The first two years there was a synthetic surface, but it was a disaster — too bouncy and incapable of handling poor weather. They did the right thing and put a dirt track back in 2011. Last year, though, drainage was an issue through the season, so in September they added a whole lot of sand to the surface. Even the local horses hadn’t run on it in a meaningful way before the Breeders’ Cup, so the bias of that track came as a total surprise. In fact, the surface made a farce of the event. Throughout the dirt races we saw time and time again that if a horse wasn’t on the pace or pressing it after the first quarter of the race then he was in trouble. Closers or even stalkers were unable to overcome a major speed bias. Bob Baffert, for example, had an absolutely loaded stable heading into the races, but he wound up not winning a race in 10 tries because time and again his horses settled off the pace early and couldn’t overcome.

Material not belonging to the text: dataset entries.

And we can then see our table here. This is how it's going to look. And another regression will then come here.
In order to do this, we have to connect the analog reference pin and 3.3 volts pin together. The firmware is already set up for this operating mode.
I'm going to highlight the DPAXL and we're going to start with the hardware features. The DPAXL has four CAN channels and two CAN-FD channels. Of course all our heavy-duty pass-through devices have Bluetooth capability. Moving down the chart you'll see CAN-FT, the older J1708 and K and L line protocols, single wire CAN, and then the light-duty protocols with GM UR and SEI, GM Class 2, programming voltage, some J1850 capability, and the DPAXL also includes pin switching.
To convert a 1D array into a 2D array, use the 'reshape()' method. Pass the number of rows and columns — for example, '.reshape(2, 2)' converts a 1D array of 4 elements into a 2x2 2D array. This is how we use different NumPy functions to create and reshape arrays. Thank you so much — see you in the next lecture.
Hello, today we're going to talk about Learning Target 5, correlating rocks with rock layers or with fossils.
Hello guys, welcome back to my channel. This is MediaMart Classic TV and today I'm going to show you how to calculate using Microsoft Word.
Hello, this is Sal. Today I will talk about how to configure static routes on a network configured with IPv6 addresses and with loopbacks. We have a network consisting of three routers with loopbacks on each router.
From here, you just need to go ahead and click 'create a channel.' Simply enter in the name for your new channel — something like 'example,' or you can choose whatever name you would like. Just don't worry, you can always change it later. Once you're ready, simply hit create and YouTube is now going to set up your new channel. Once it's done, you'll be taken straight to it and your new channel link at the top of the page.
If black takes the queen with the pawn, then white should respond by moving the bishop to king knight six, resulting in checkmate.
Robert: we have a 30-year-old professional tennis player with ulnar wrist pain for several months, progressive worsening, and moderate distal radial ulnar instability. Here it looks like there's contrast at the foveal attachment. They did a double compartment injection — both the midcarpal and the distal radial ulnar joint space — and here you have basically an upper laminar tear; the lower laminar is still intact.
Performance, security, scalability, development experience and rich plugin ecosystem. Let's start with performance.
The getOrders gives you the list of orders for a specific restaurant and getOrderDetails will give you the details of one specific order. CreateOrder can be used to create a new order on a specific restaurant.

This year the speed bias seems to have been significantly diminished in the days and months leading up to the Breeders’ Cup. More significantly, this is the same basic surface that they have been racing on all year, so there won’t be any ugly surprises like last year.
The downhill turf
When you handicap sprint turf races at Santa Anita, you have to consider the downhill run at the start. Santa Anita is the only track to have such a setup.
The turf course is seven furlongs inside the mile long dirt track. To avoid having to run around a turn at the start of sprints, those races are started up a chute that branches off the top of the stretch. Horses run down that chute, cross the dirt track briefly, then enter the main turf track and run down the stretch to the finish line.
What makes the chute unique in North America, though, is that it is quite significantly downhill. This can be a problem for horses that have not experienced it. More significantly, it can be a major advantage for horses that have run on it and proven to take to it. Defending Turf Sprint winner Mizdirection, for example, is a perfect 5-for-5 on the downhill course. In the Turf Sprint this course quirk creates the biggest home-field advantage of the day.
The turf course hasn’t changed in a significant way since the Breeders’ Cup was first held at Santa Anita in 1986. It doesn’t always react like you might expect it to, though. It has tight turns and a short stretch due to the layout. You would generally assume that that would favor stalking trips and tactical speed over closing moves. In fact, that is only true on races below about 9 furlongs. In longer races, like both the Filly and Mare Turf and the Turf on the Breeders’ Cup card, we have actually seen a small majority of races at Santa Anita won by closers.
Early in the current Santa Anita meet the bias towards closers was particularly strong on the turf. Recently that tendency has leveled out somewhat and pressers or pace-setters have done better. The important factor to remember, though, is not to make assumptions about the track based on the layout.
This fall we have seen an interesting and potentially-valuable trend emerge on the dirt track in one-turn sprint races. Up to Oct. 20, there had been 68 races run around one turn, and just four had been won by the horse in the inside post of the gate. That is well behind expectations, and indicates that watching the post position draw closely could be key in the dirt sprints.